I co-founded Afton Tickets in 2012 with my wife Amelia Kintz. As event organizers and concert producers ourselves, we wanted to build a ticketing company that focused on event organizers and the end-user, aka the event attendees. I wanted to briefly talk about our company’s beliefs and core principles, and share the “why” behind everything we do.
Our mission: Afton Tickets. Where Event Organizers and their attendees exist as people, not ticket sales.
There is a huge disconnect in the ticketing industry between the large ticket companies and the end-user, aka the event attendee. Ticket companies make deals with their clients, the event organizers, regarding service fees without keeping the customer in mind. I’ve talked to many large venue owners who don’t even know what their service fees cost their customers! They are shocked when I tell them I just bought a $20 ticket with a $10.50 service fee. Service fees are 25% to 50% of the ticket face value for most concerts and larger events.
How Did Service Fees get so High?
Every consumer hates high service fees, and event organizers know that. So then, how does this happen? Because typically, the end user is forgotten and not brought into the equation. Deals are setup between the large ticket companies and the event organizer. Without that focus on the event attendee, decisions are made that result in long entry lines, clunky processes for customers on will call or customers that lost their ticket, harsh customer service policies, and high, exorbitant service fees.
Tickets for the People.
At Afton Tickets, we believe that you can treat both the client and the end user better. Tickets for the people. Democratized, not monopolized.

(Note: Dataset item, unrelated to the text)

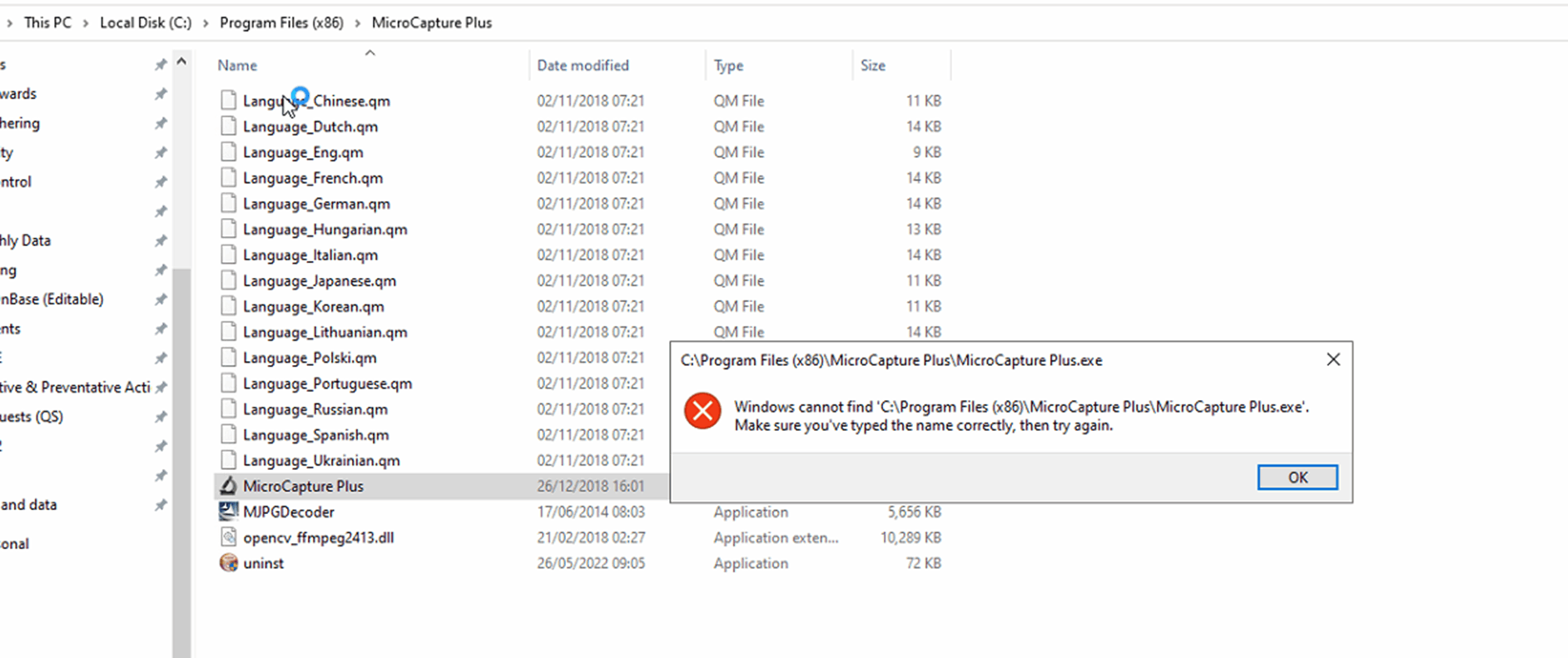 Windows cannot find 'C/product files(x68)/microcapture plues ...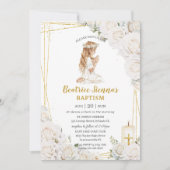 シックホワイトフローラバプテスマ祈《キリスト教》洗礼式や命名式ズガール 招待状 (正面)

The client should be able to decide on their own transfer and refund policy – not the ticket company. After all, it’s their event. I bought tickets to an event that was canceled due to the artist getting sick. The ticket company emailed me the reschedule date. Unfortunately about 3 weeks prior to the concert, I could not secure childcare for the new date. So I emailed the ticket company asking to refund my ticket as that was what they offered in their original reschedule email. They told me the “fine print” if I had clicked the terms link in that email stated I had only 7 days to request a reschedule. They did not make that clear in the email, but as a result, I was out on two tickets $80 plus their $32 in service fees.
The client should also be able to decide if they want fair and low service fees, so they can pass those savings onto the customer. Many times, large ticket companies give huge upfront signing bonuses to the music venue and what they call a “profit share” on service fees. But in reality, the ticket company simply increases their service fee by 50% or sometimes even 100% in order to pay the music venue what they promised. Nothing was coming out of the ticket companies cut to give these perks to the venue – the customers are now just paying a premium to fund the promises the ticket company made to the venue. Shouldn’t a true “profit share” be a share of the ticket company’s normal service fee? Should a conversation happen between ticket company and event organizer on what the impact to the end customer is going to be if the service fee is increased from $3.50 per ticket to $8.75 per ticket?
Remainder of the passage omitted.